With no physical beds or walls, this nature-focused treatment center specializes in guiding teens and young adults along the trail of recovery
By Jennifer Taylor
October 29, 2020Situated on the southern border of Utah just north of the Arizona stateline, the scenic American West town of Kanab lures seekers of all kinds with its Navajo sandstone cliffs and canyon in captivating hues of red, orange and yellow.
That pull and the healing power of the desert is what Shayne Gallagher, cofounder and executive director of WinGate Wilderness Therapy, and his team of specialists, including his wife, cofounder and director of operations Sheri Gallagher, cite as the source for their programs. They serve teens and young adults who struggle with alcohol and drug addiction, behavioral disorders and a range of mental health issues.

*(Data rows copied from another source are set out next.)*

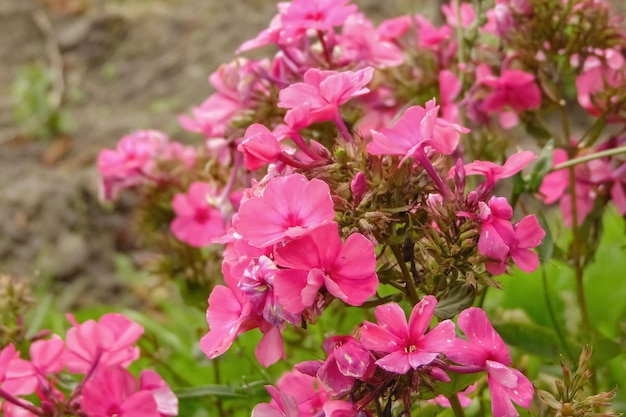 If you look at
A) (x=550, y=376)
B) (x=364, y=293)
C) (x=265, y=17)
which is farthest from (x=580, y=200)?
(x=265, y=17)

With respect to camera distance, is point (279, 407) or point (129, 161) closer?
point (279, 407)

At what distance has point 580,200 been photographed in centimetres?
94

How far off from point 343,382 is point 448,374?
0.32 feet

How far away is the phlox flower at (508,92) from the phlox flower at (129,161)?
0.44 metres

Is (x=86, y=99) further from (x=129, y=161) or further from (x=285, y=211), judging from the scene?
(x=285, y=211)

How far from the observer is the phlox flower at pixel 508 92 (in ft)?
2.73

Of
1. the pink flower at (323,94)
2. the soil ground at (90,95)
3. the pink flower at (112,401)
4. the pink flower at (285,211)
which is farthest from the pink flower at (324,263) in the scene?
the soil ground at (90,95)

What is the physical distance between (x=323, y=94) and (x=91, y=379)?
31cm

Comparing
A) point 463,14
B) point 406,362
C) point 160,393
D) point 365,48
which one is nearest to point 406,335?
point 406,362

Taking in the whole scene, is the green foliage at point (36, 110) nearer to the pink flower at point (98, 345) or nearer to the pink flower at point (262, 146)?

WinGate Wilderness Therapy, nearing its 13th year, is an alliance-based, experiential treatment approach that relies on connection, trust, respect and agency to inspire change in individuals. One of its biggest challenges from an insurance perspective, according to Gallagher, is the lack of physical walls and beds. Instead, WinGate begins its participants’ recovery and care journeys on the trails where hiking and camping are intertwined with therapy and self-discovery.

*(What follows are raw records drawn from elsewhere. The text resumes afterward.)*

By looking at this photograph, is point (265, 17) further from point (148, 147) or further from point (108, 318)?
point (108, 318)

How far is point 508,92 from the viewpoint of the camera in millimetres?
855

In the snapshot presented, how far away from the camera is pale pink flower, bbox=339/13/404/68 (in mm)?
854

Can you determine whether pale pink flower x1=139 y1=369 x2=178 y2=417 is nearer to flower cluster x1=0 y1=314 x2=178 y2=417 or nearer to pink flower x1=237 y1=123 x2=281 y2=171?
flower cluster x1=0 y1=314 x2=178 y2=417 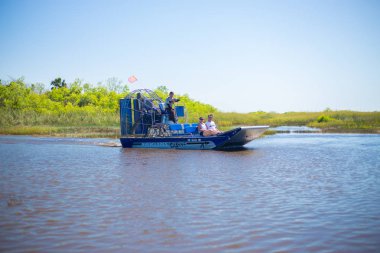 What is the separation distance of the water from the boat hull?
501 cm

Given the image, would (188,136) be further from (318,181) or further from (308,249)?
(308,249)

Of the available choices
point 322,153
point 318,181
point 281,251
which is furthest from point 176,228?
point 322,153

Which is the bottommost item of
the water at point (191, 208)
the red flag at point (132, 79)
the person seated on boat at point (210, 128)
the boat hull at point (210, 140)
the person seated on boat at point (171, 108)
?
the water at point (191, 208)

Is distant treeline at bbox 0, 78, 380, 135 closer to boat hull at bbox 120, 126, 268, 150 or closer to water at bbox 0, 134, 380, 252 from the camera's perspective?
boat hull at bbox 120, 126, 268, 150

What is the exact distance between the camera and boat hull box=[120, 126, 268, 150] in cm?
1873

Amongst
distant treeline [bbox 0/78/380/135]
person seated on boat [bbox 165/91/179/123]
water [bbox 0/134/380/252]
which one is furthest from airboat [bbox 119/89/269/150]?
distant treeline [bbox 0/78/380/135]

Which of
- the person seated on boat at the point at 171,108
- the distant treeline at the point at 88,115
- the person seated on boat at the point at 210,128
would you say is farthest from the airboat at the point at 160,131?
the distant treeline at the point at 88,115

From the participants’ point of view, one of the biggest challenges—and benefits—is the treatment environment itself. It’s in the middle of nowhere. This lack of distraction in the desert is what Shayne Gallagher points to as part of WinGate’s formula for success.
Q: How did you first get into the addiction treatment field?

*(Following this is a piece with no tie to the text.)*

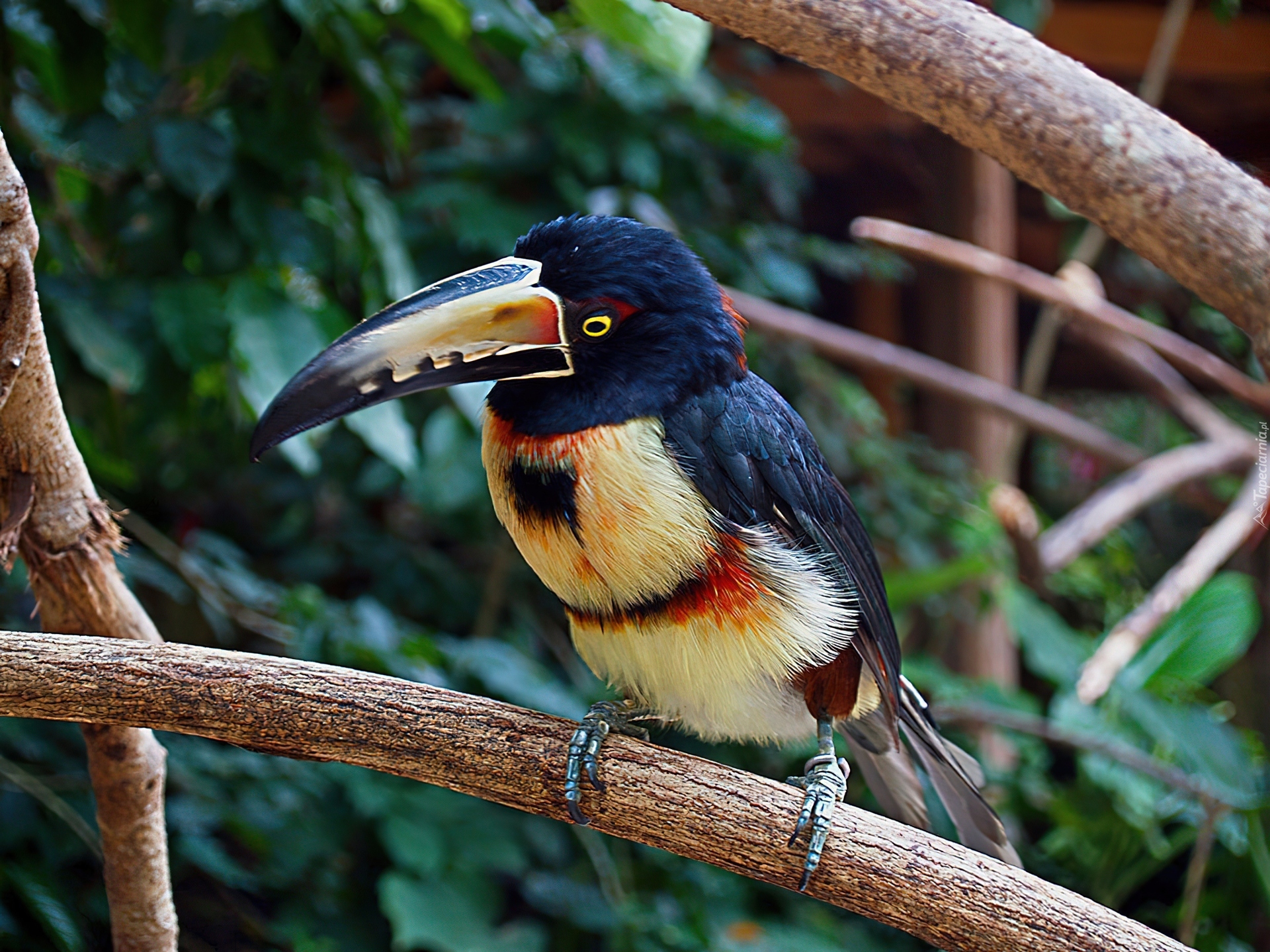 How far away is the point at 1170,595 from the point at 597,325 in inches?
68.0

A: In 1990, through a series of events, I found out about wilderness survival. They didn’t call it wilderness therapy yet, but it was a new industry working with addicted kids and mentally, emotionally, behaviorally compromised children. I worked my first training week and thought that this was the most asinine job anybody could have to work with a bunch of teenagers. There was just no way I was going to do it, but there was a kiddo who asked if I would stay. Anyway, these kiddos touch your heart.
From the participants’s point of view, one of the biggest challenges—and benefits—is the treatment environment itself. It’s in the middle of nowhere.”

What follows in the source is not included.